Paper trail: How a series of ads in a WWII-era UK daily revealed a tragic family history
Julian Borger traced his father’s escape from post-Anschluss Austria via the Kindertransport by examining classifieds in The Guardian. He unravels that and similar stories in a new memoir
- Leo Borger's shop selling radios and musical instruments on Vienna’s Landstrasse Haupstrasse, in 1933, prior to being 'Aryanized' in the lead-up to the Holocaust. (Courtesy)
- Robert Borger in 1966. (Courtesy)
- A group of German Jewish refugees head for the seashore at the Dovercourt Bay holiday camp, near Harwich on December 4, 1938. (AP Photo)
- German Jewish children learn in a classroom in the refugee camp at Dovercourt Bay, England, December 28, 1938. (AP Photo)
- Two hundred Jewish refugees who arrived from Germany at Harwich on Dec. 2, 1938, were taken to Dovercourt Bay holiday camp, until housing arrangements are made.
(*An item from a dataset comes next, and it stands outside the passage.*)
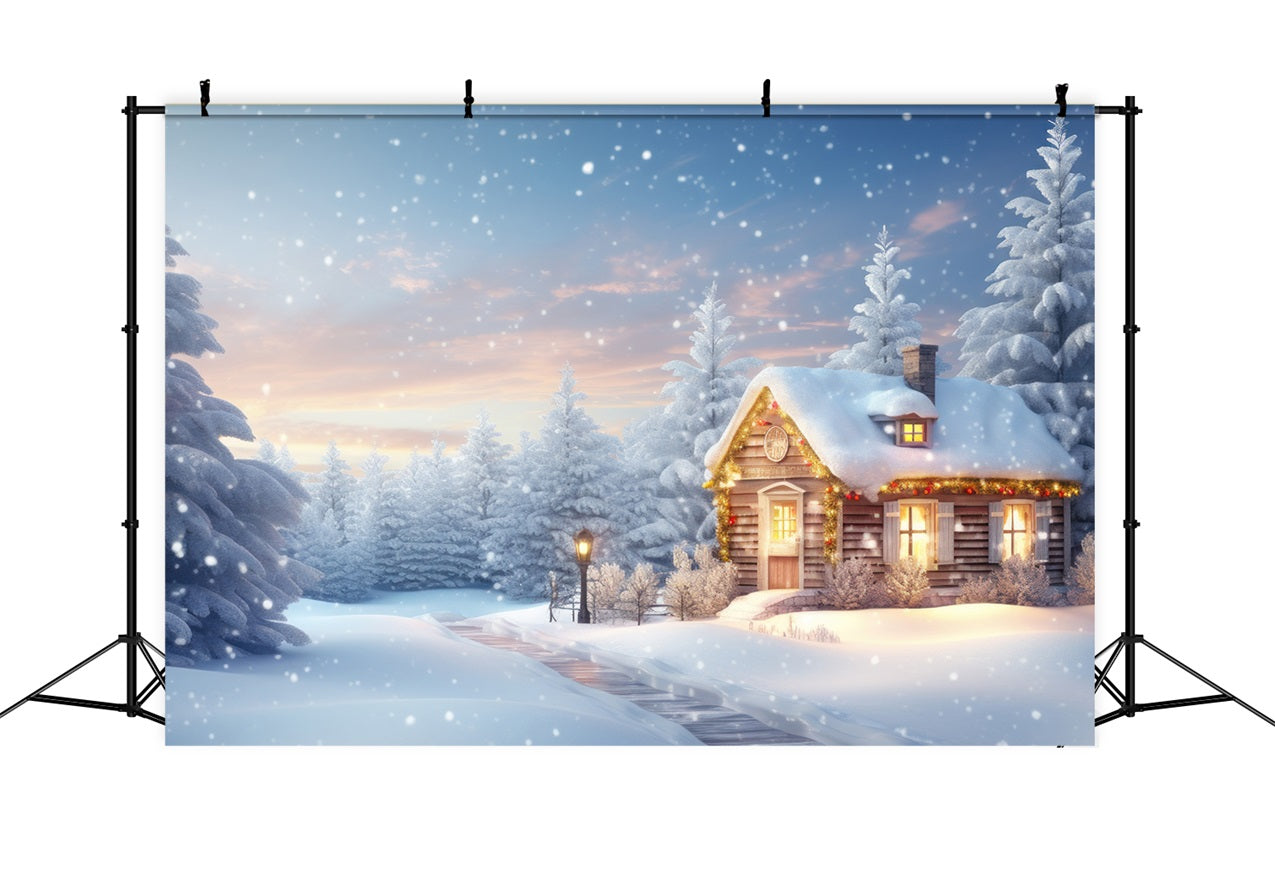 Warm Glowing Cabin Amid Snowy Pines Backdrop UK BRP9-274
A general view of the tables at the refugee's first meal in the camp. (AP Photo)
LONDON — After his step-grandmother’s death in 1998, Julian Borger began to unpack a box of mementos she had stored for him. Among his grandfather’s stamp albums and old banknotes were Nazi-era documents, gray-green Austrian passports stamped with a large red “J” for Jude, and a certificate from when Leo Borger was interned in the UK as an “enemy alien” after the outbreak of war in 1939.
But Borger, the world affairs editor of The Guardian newspaper, couldn’t connect the dots to paint a picture of the story they told.
Two decades later, Borger began a journey that would at last begin to shed light on his family’s painful past: its flight from Vienna after the Anschluss — the political union of Austria with Nazi Germany in 1938 — and the long shadow that would eventually contribute to his father’s suicide in the early 1980s.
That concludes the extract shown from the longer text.